Ernst’s major paintings of 1921–4 do not employ collage, but their composition is based on the collage principle. Oedipus Rex and La Belle Jardinière (1923; ex-Düsseldorf, Kstmus., destr. 1937, see Schneede, 1972, pl. 100), a Surrealist adaptation of Raphael, reworked images originally created in the collages Parole (1921) and Sacra conversazione (1921); Pietà or Revolution by Night fuses two figures derived from paintings by de Chirico and Ernst himself, in a pose taken from the iconographic conventions of Christian art. The Elephant Celebes is represented in a landscape setting reminiscent of de Chirico.

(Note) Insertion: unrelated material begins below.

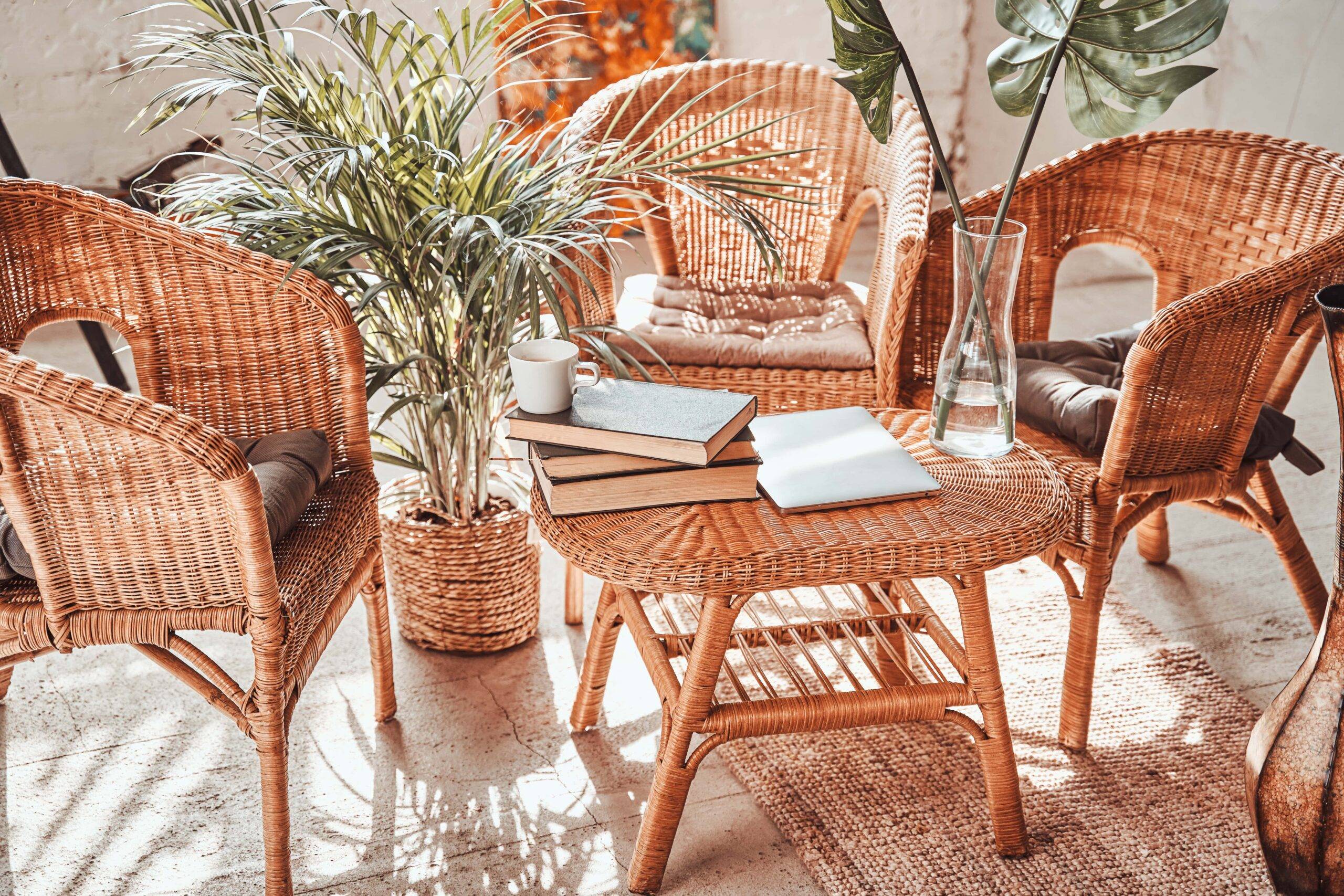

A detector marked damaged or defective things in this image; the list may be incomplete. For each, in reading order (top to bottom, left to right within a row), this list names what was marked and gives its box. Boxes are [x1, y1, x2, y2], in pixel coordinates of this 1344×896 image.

cracked floor [0, 231, 1328, 892]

The main body of the ‘elephant’ (Ernst entitled the painting ‘Célèbes’; ‘elephant’ is a later nickname) is closely based on a photograph of an African grain store; a hose ‘trunk’ ending in a bull’s head, and a mechanical eye, have been effectively ‘stuck on’ to this. The phallic tree on the right-hand side of the painting is derived from Ernst’s collage the Hat Makes the Man (1920; New York, MOMA). The composition as a whole corresponds to Ernst’s definition of collage as ‘the culture of systematic displacement’ and ‘the exploitation of the chance meeting of two distant realities on an unfamiliar plane’ (Beyond Painting, paraphrasing Breton and Lautréamont).

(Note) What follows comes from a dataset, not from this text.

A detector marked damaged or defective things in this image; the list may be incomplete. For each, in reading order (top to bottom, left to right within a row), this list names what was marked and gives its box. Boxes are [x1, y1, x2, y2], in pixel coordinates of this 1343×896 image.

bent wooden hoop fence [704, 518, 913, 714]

The collages for Répétitions and Les Malheurs des immortels were based on wood-engravings from 19th-century illustrated magazines. Ernst returned to this technique in the collage novels of 1929–34. These were made by pasting images from different sources on to a single base illustration. In many cases his intervention was minimal; in the Oedipus sequence to Une Semaine de bonté, for instance, several images have been changed only in the replacement of a human head by that of a bird. The completed collages were sent to the printer to be reproduced by photo-engraving; the actual pasting cannot be discerned in the published plates, and this greatly enhances their impact.

Ernst achieved a comparable level of refinement in the frottage technique. The drawings for Histoire naturelle were made by placing sheets of paper over different objects such as floorboards and leaves, and rubbing with a stick of graphite. Through precise selection, combination, control of texture and some discreet additions, he was able to build up delicate, surprising images of fantasy landscapes, plants and creatures. He adapted this fundamentally simple technique to painting in the form of grattage, by which textures and patterns were made through simultaneously rubbing and scraping off layers of paint. Representational forms were then extracted from the whole by means of overpainting.

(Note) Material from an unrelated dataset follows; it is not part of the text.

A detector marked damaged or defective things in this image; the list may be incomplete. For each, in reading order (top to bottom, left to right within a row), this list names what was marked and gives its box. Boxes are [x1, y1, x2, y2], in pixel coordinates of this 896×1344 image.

Decalcomania was another way of achieving similar results. Rich, unpredictable patterns were obtained by either taking an impression from, or sponging, layers of liquid paint: figurative motifs were then developed by overpainting. In Europe after the Rain the basic division of sky and earth was achieved by painting over the sky area entirely. The exposed sections of decalcomania have been patterned using different materials and worked up by hand to represent vegetation, rock and a number of encrusted, mutilated human forms. The idea behind the technique, using chance textures to suggest forms and images, is similar to that of his early collages. All of Ernst’s technical methods had the same goal of evading conventional expression of authorial intention. In his theoretical texts of the 1930s he equated these practices with the concept of ‘automatism’, which Breton had stated in 1924 to be the touchstone of Surrealism.